Parole che, da più parti, sono state interpretate come rivolte alla presenza in lista dell’attuale governatore Michele Emiliano e dell’ex presidente della Regione Puglia, Nichi Vendola.
Stamattina, a margine della conferenza stampa di presentazione del Medimex a Taranto, Emiliano, a chi gli chiedeva se si sentisse chiamato in causa, ha risposto: «Io non sono tutore di nessuno, ci mancherebbe».
Poche dichiarazioni e misurate, dunque, ma il clima nel centrosinistra pugliese sembra scaldarsi in vista delle regionali.
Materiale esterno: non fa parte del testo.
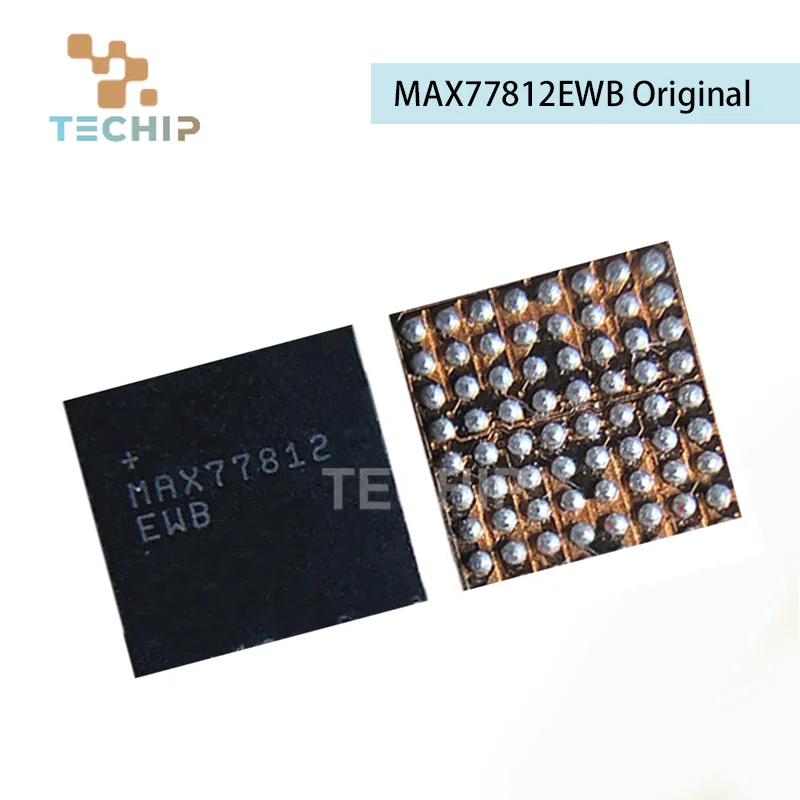 2-10pcs 100% New Good MAX77812EWB MAX77812 MAX77812EWB+T BGA Chip For NS SWITCH Console Power IC Chipset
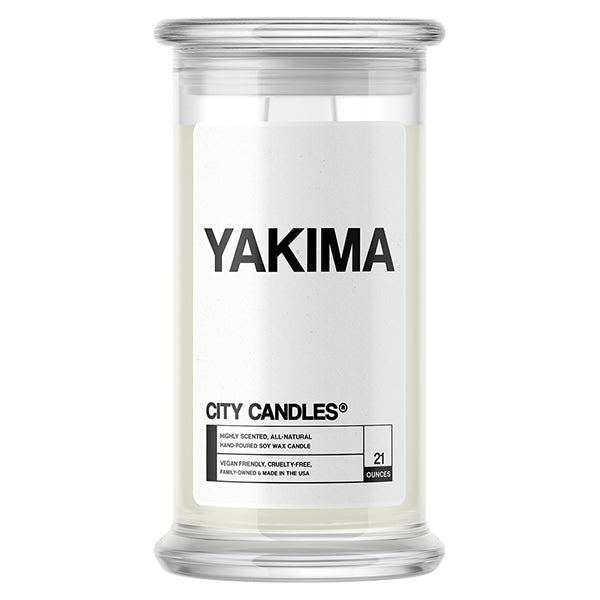 Yakima City Candle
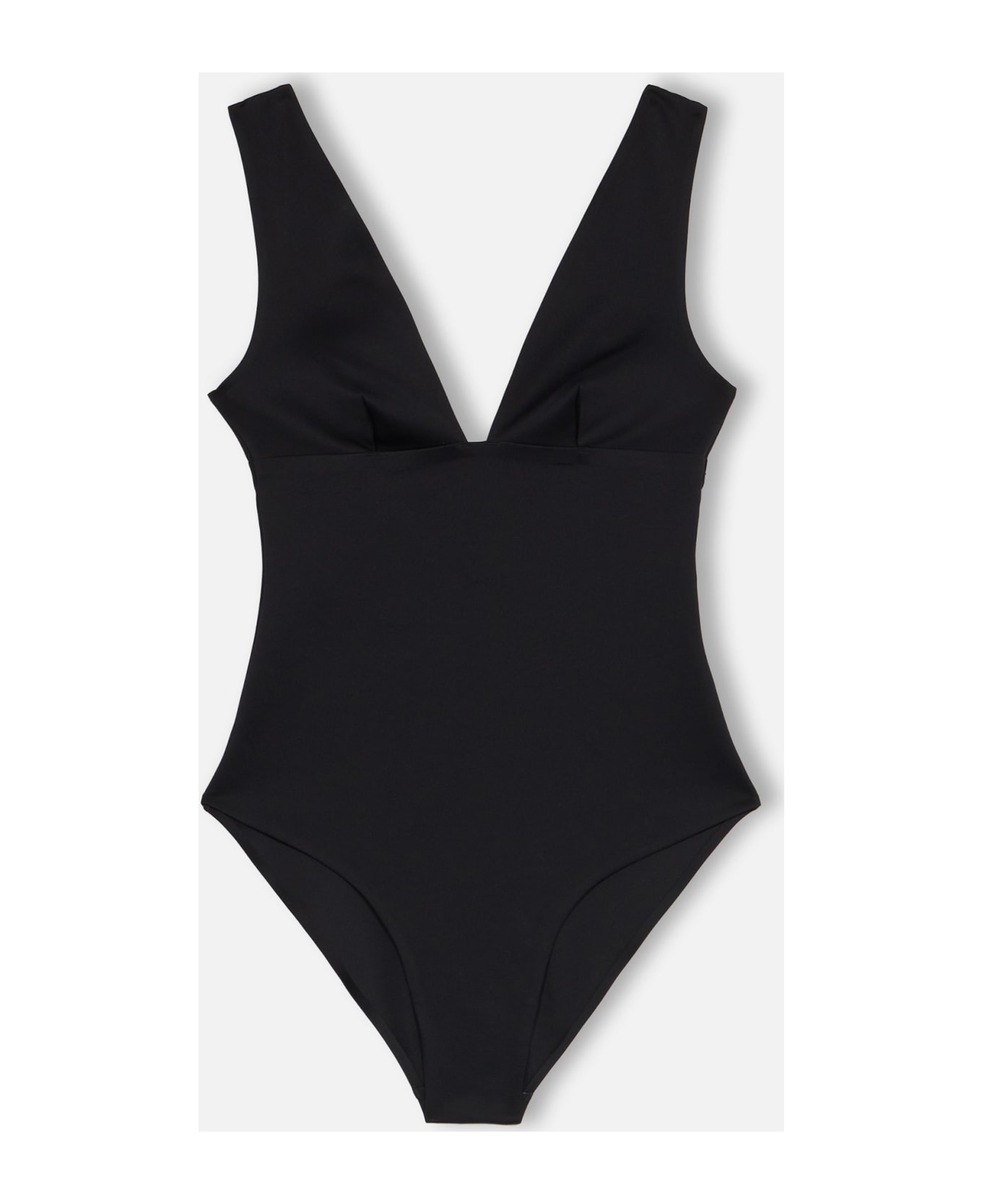 MC2 Saint Barth Woman Heatsealed One-piece Swimsuit Calliope - BLACK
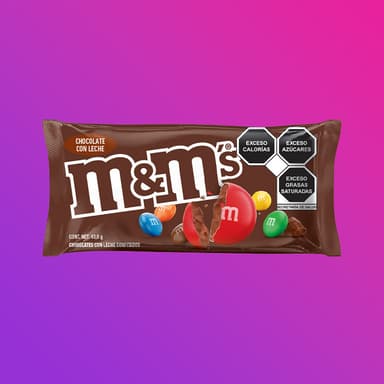 Promoción M&M's® Chocolate Individual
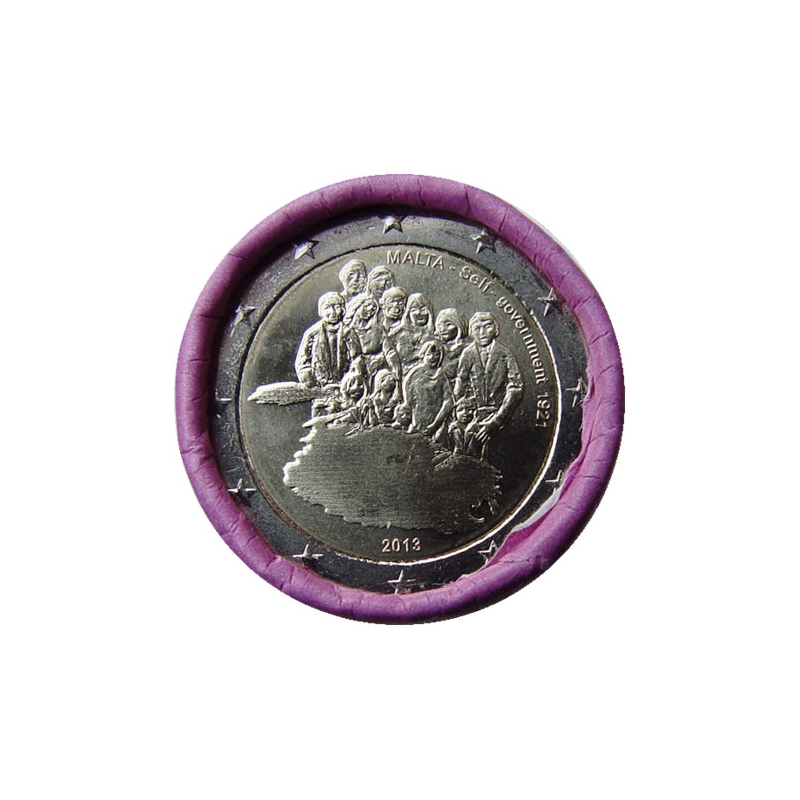 2 Euro / 2013 - Malta -  Self Government 1921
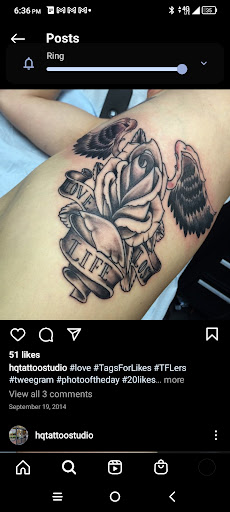 Explore alice in wonderland tattoo ideas, creative tattoo ideas in Palm Harbor, available at High Quality Tattoo Studios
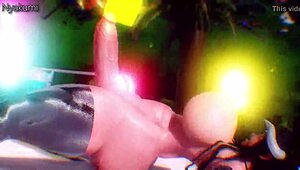 淫荡节日让我疯狂兴奋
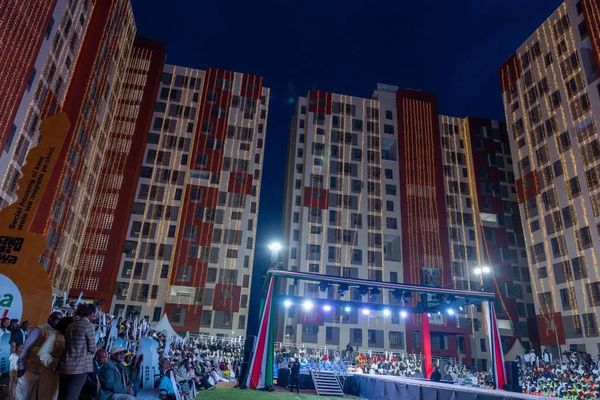 Kenya : un projet immobilier de 5,3 milliards de shillings inauguré
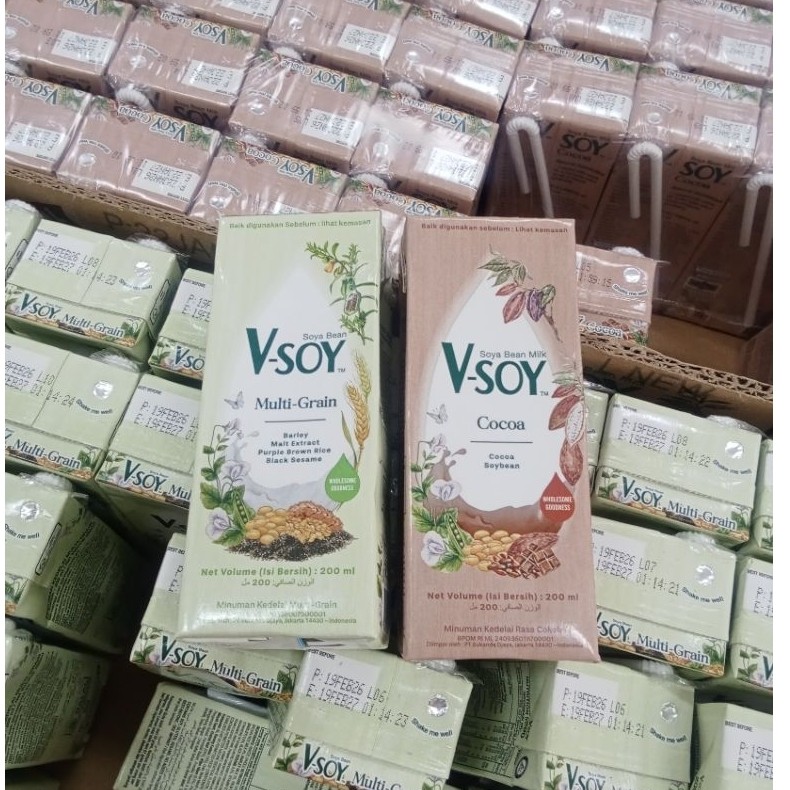 V-SOY MULTIGRAIN/COCOA 200 ML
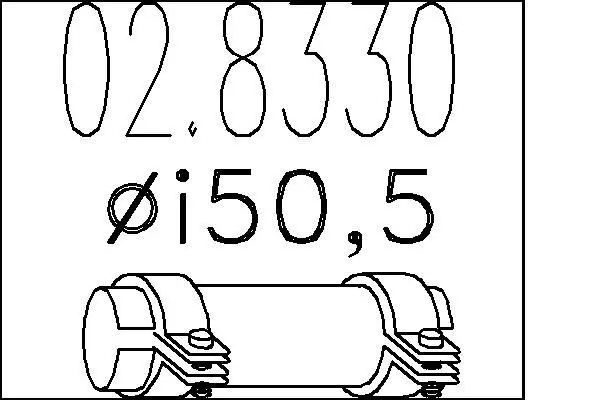 02.8330 Соединительные элементы,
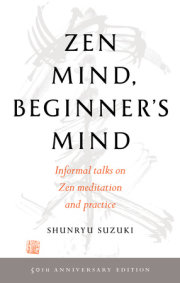 Zen Mind, Beginner's Mind 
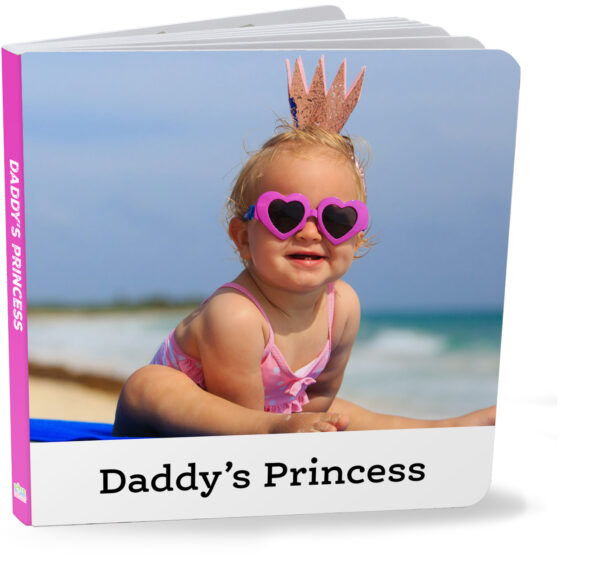 Daddy's Princess Board Book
La risposta di Emiliano, però, sembra serva a buttare acqua sul fuoco visto che il candidato superfavorito del centrosinistra, ex sindaco di Bari che alle europee ha raccolto mezzo milione di preferenze, nelle ultime settimane avrebbe messo un «se» dinnanzi all’ipotesi di candidarsi, cosa che fino a qualche mese fa sembrava pressoché scontata.
Un ipotetico ritiro di Decaro metterebbe nei guai il centrosinistra annullando il vantaggio che allo stato c’è col centrodestra che, tra ipotesi avanzate e poi accantonate, non ha ancora un candidato su cui puntare.
Ma non appare preoccupato della situazione il segretario regionale del Pd, Domenico De Santis, che sulla questione candidati taglia corto: «Noi vogliamo occuparci delle persone e non delle personalità», chiarendo che sulle regionali «stiamo discutendo del programma».
In tutto questo, domani tornerà a riunirsi il consiglio regionale e per la maggioranza si concretizzerà la perdita di un seggio (l’ex assessore Delli Noci si è dimesso perché indagato, lasciando il posto al primo dei non eletti Antonio Raone passato nel frattempo in FI) e la conseguente difficoltà ad approvare qualsiasi provvedimento senza il sostegno almeno di parte dell’opposizione: 26 voti su 51, compreso il presidente e i dissidenti, sono troppo pochi per godere di autonomia.